If OnlyIf only . . . I had the opportunity to see my grandchildren in Virginia. If only I could see the ocean or take a ride on the Blue Ridge Parkway in the spring. If only I could hear a concert or attend a play. All the “if only (s)” that a person replays in their mind as they age, always planning to do something but waiting for the right time. Suddenly the right time has slipped away and the opportunity to do something presents more of a challenge because you have been diagnosed with a serious illness.

As individuals are faced with the unexpected, the Department of Social Services (DSS)/ Adult Services Division, through a generous gift by former Forsyth County resident, Mr. O. Moser, would like to try and meet some of these unfulfilled expectations.

Print an Application

The “If Only” Program, by and through its Advisory Committee, and administered by the Department of Social Services (DSS) would like to grant residents of Forsyth County that have a disabling and life threatening illness a request using proceeds from a generous gift by a former Forsyth County resident, Mr. O. Moser.
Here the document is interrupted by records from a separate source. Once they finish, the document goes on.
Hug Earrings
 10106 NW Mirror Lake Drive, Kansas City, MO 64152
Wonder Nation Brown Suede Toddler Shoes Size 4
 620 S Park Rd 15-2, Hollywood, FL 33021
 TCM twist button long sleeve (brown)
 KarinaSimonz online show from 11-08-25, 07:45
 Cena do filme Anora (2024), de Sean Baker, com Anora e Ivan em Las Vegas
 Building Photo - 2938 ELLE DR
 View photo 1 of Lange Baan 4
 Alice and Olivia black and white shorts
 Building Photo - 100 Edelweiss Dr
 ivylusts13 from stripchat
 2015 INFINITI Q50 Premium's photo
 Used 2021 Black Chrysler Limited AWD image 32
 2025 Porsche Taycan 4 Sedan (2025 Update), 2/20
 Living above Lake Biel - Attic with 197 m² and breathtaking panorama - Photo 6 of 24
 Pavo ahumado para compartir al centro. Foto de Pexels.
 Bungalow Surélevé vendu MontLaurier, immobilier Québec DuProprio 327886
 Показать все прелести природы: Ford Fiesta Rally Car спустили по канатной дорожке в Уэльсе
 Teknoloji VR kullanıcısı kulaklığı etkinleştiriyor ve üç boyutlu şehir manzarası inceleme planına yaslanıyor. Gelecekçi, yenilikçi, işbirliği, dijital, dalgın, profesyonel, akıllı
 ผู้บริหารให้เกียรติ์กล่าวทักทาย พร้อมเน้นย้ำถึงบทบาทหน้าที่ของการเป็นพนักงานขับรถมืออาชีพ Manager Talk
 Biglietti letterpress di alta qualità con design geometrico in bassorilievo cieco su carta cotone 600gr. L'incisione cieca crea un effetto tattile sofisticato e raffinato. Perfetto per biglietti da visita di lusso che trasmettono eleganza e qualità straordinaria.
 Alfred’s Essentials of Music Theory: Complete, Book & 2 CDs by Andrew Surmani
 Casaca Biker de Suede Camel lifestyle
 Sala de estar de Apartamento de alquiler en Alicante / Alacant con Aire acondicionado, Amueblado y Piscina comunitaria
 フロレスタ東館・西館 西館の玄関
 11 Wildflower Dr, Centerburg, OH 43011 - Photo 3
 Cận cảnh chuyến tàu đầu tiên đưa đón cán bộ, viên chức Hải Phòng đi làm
We have called this program “If Only”. By working together with businesses in Forsyth County, we will do our best to make an approved request become a reality.

The “If Only” Program will consider requests from applicants who meet the following requirements:

  • At least 55 years of age
  • Have a disabling and life threatening condition
  • Have the physical and cognitive ability to participate
  • Are fully aware of the request and are able to identify a family or friend that may be able to accompany the individual, if needed.
  • Submit a completed application to the "If Only" Program located at the Department of Social Services
  • A resident of Forsyth County and a United States citizen

To begin the application process, you will need to send the following:

  • A completed application form
  • A personal letter that describes your request, why you need help and the importance of the request for you. This letter can be written by you or another person on your behalf. Please keep the length of the letter to no more than one page.
  • Statement from your physician stating that you are able to participate in the requested activity.

The Program is unable to grant the following types of requests:

  • Cash value in excess of $2000
  • Cash
  • Automobile or RV rentals or purchase
  • Purchase of property including homes, trailers, vehicles
  • Travel outside the United States
  • Cruises
  • Medical or psychiatric treatment
  • Legal Services
  • Surprise requests on behalf of someone

A completed application, including letter, request form, and physician’s statement should be mailed to the “If Only” Program in care of the Adult Division of the Department of Social Services at the address listed below. Incomplete applications can not be considered.

All requests will be reviewed by the Advisory Committee and submitted to the Director of DSS or designee for a final decision. If your request is approved the duration of time needed to complete the application process and to grant the request will depend on available resources. A representative from DSS or a DSS Volunteer will contact you regarding the decision and will help to make arrangements for your request, if approved.